I.
Let it be remembered here, that one of the most constant preoccupations of Napoleon I. was to centralize everything into his own hands. The emperor wished to the letter to know all and to govern all. Not content with having created the formidable monopoly of the universities, he had even dared to try his hand at flattery in pretending to treat religious affairs as a simple department of his vast administration. Could it, then, be hoped that his ambition respected the liberty of charity? Napoleon, then, dreamed very seriously of controlling its exercise. Portalis hindered him.
The good sense of this celebrated counsellor of the emperor refused on this occasion to consent to the caprices of his master. Portalis declared fearlessly that official charity was the product of a hollow, weak brain, altogether an Utopia of one’s own creation to amuse the leisure hours of some philosopher seeking a distraction.
“Certain men,” wrote he to the emperor, “more jealous of their own attributes than of the public good, believe in finding abuses in all establishments that are not of their own creation. They scorn the good in the hope of finding the better; they imagine that all is resolved by calculation, and that, with two or three general maxims, they could reconstruct the world. With such ideas, states are disorganized. Such minds exhibit a greater power to destroy than an ability to construct.
“It is said with truth that the laws would be nothing without morals. It is, then, in the morals that the power of the laws will be sustained, that is to say, it is necessary to study the direction of the minds of men; that they should know the common affections of the human heart, and not govern by metaphysical abstractions and submit to cold calculation those things which cannot be other than the result of zeal, devotion, and of virtue.”[89] This was adroitly cautioning the emperor against the deleterious influences of that sad philosophy which sought to control him. Applying these principles to those hospitable communities that irreligious passions wished to banish, Portalis subjoined:
“The associations with which are connected so many touching memories were recommended to the considerate attention of your majesty by the gratitude of the people. Experience speaks loudly in favor of the imperial decrees which have authorized these associations. It is not, then, to balance between the vain theories of an infatuated sophist and the real assistance that charity administers to suffering humanity.”[90]

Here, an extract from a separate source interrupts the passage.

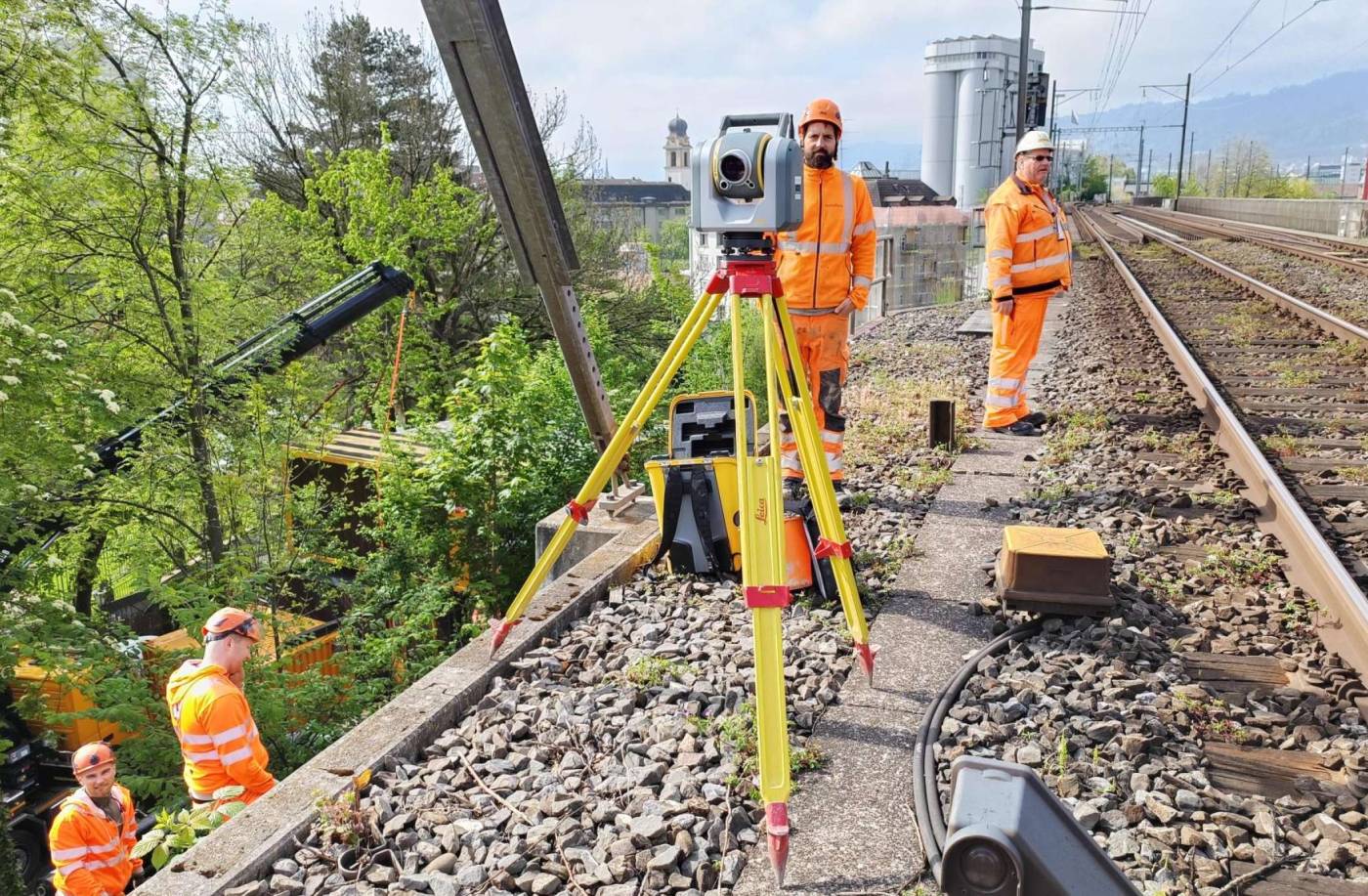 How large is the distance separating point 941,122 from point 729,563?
10803 cm

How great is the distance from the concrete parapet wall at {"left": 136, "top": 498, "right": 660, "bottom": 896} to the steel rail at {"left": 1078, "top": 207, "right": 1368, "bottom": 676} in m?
3.29

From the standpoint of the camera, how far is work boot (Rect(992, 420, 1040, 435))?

“These miserable objections derive their source ... in the vain theories of which experience has demonstrated the illusion.”[91] It is, then, clear that official charity found no advocate in Portalis. It presented to him the too evident imprints of a lying and anti-Christian philosophy. We will continue our citations.
II.
Portalis was convinced that religion only could induce charity. He believed that in this case religion only is capable of receiving and executing the mandates of charitable bequests.
“Your majesty,” wrote he again, “in your great wisdom has desired to leave the care of the poor under the guard of religion. She has undertaken the service that is accompanied with so many sacrifices and discouragements, which could not be guaranteed but by the most elevated and the most generous sentiments. She has dispersed the false systems of men who would wish to enjoy the benefits of the great work we see in operation under our eyes, in draining with as much imprudence as ingratitude the source from which they are furnished.”[92]